Power of purrr

Iterating Over Lists Like a Pro

Author

Raju Rimal

Published

December 10, 2024

Modified

March 19, 2025

In R, iterating over lists or complex data structures can sometimes become tedious, especially if you have to use loops or apply functions repeatedly. This is where the purrr package shines. purrr is part of the tidyverse, and it provides a set of powerful functions designed to make iterating over lists and other data structures not only more efficient but also more readable. In this guide, we’ll explore how to use purrr’s map functions to handle list operations efficiently and how you can use them to parse JSON files or handle nested structures.


1. Using map Functions for Efficient List Operations

The map functions from purrr allow you to apply a function to each element of a list (or vector), similar to how lapply() works, but with added advantages like better handling of different types of outputs and more readable syntax.

The map() Family of Functions

The basic map() function applies a function to each element of a list. It returns a list of the same length as the input.

  • Example:
library(purrr)

# Create a list of numbers
num_list <- list(1, 2, 3, 4, 5)

# Use map() to square each number
squared_numbers <- map(num_list, function(x) x^2)
print(squared_numbers)
[[1]]
[1] 1

[[2]]
[1] 4

[[3]]
[1] 9

[[4]]
[1] 16

[[5]]
[1] 25

This will output a list of squared numbers.

Variations of map()

  • map_lgl(): Returns a logical vector.
  • map_int(): Returns an integer vector.
  • map_dbl(): Returns a numeric vector.
  • map_chr(): Returns a character vector.

These functions are useful when you know the type of output you expect from applying a function, and they allow you to work more efficiently with the results.

  • Example with map_dbl():
# Create a list of numbers
num_list <- list(1.1, 2.2, 3.3, 4.4)

# Use map_dbl() to round each number
rounded_numbers <- map_dbl(num_list, round)
print(rounded_numbers)
[1] 1 2 3 4

This will output a numeric vector of rounded values.
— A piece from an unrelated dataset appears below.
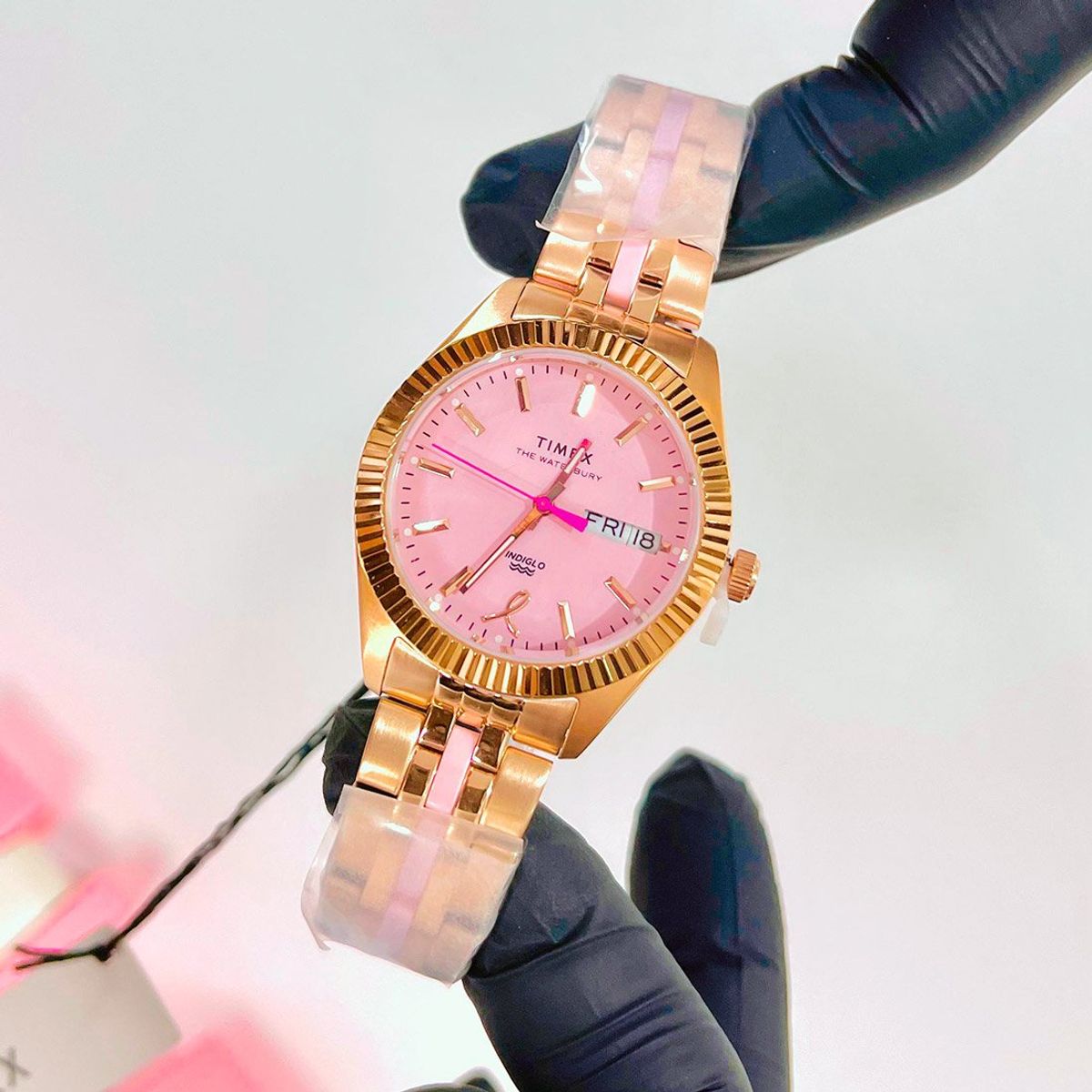 TIMEX - Reloj Oro rosa Edición Especial_.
Using map() with Named Lists

When working with named lists (e.g., lists containing data frames or more complex elements), map() retains the names of the list elements.

  • Example:
# Create a named list
named_list <- list(Alice = 25, Bob = 30, Charlie = 35)

# Use map() to add 5 to each person's age
updated_ages <- map(named_list, ~ .x + 5)
print(updated_ages)
$Alice
[1] 30

$Bob
[1] 35

$Charlie
[1] 40

The output will retain the names of the list elements, making the results more intuitive and easier to work with.


2. Parsing JSON Files with Nested Structures

JSON (JavaScript Object Notation) is a common format for representing nested data, often used in web APIs or data exchange between systems. Parsing and working with JSON data in R can be tricky due to the nested nature of the data. However, purrr makes this much easier by allowing you to efficiently iterate through nested structures and extract relevant information.

Using purrr to Parse and Process JSON

Let’s walk through an example where you need to parse a JSON file containing user information and then extract specific details from nested lists.

  • Example:
library(purrr)
library(jsonlite)

Attaching package: 'jsonlite'
The following object is masked from 'package:purrr':

    flatten
# Example JSON string (mimicking data from an API)
json_data <- '{"user": {"name": "Alice", "age": 30, "location": {"city": "New York", "state": "NY"}}, "orders": [{"item": "Laptop", "price": 1200}, {"item": "Phone", "price": 800}]}'

# Parse the JSON string into a list
parsed_data <- fromJSON(json_data)

# Extract user information using map()
user_location <- pluck(parsed_data, "user", "location")
print(user_location)
$city
[1] "New York"

$state
[1] "NY"
# Extract order details (nested list) and apply a function to get total price
total_price <- map_chr(pluck(parsed_data, "orders", "price"), ~paste(.x/1000, "K"))
print(total_price) # Total price of all order    
[1] "1.2 K" "0.8 K"

In this example:

  • We parsed a JSON string using the fromJSON() function from the jsonlite package.
  • We used map() to extract the user’s details (e.g., name, age, etc.).
  • We applied map_dbl() to extract the prices of the orders and then used sum() to calculate the total price of all items.

Working with More Complex Nested Structures

In more complex JSON data, where there are deeper levels of nesting, you can use purrr’s map functions recursively to navigate and manipulate the data.

  • Example:
# JSON with more nesting
json_data <- '{"company": {"name": "TechCorp", "employees": [{"name": "Alice", "role": "Developer"}, {"name": "Bob", "role": "Manager"}]}}'

# Parse the JSON data
parsed_data <- fromJSON(json_data)

# Extract employee names and roles using map()
employee_info <- pmap_chr(
  pluck(parsed_data, "company", "employees"),
  paste, sep = ", "
)

print(employee_info)
[1] "Alice, Developer" "Bob, Manager"    

Here, the nested employees list is processed to extract the names of employees, even though it is contained within multiple levels of nesting.


3. Why Use purrr for Iterating?

The purrr package simplifies the process of iterating over lists and other data structures in R by providing:

  • Cleaner syntax: purrr allows for more concise and readable code.
  • Consistency: With functions like map(), you don’t need to worry about the types of outputs. You can specify the expected return type (e.g., map_dbl() for numeric vectors).
  • Efficient handling of nested data: Working with complex nested structures is much easier with purrr than with base R loops or apply() functions.

Advantages of purrr over Traditional Loops

  • Readable and concise code: Rather than writing long for-loops, purrr functions make your code more declarative.
  • Vectorized operations: purrr functions are optimized for performance, especially when working with large datasets.
  • Easier to debug: Using functional programming constructs in purrr often leads to fewer side effects, making it easier to debug.

Summary

In this guide, we’ve covered how to use the purrr package to iterate over lists and other complex data structures efficiently:

  • Using map() and its variations to apply functions to each element of a list or vector, with outputs tailored to specific data types.
  • Parsing JSON: We’ve demonstrated how purrr can be used to work with nested data structures, such as JSON files, making it easy to extract and manipulate data.
  • Advantages of purrr: We highlighted the benefits of using purrr over traditional loops, including cleaner syntax, better performance, and ease of working with nested data.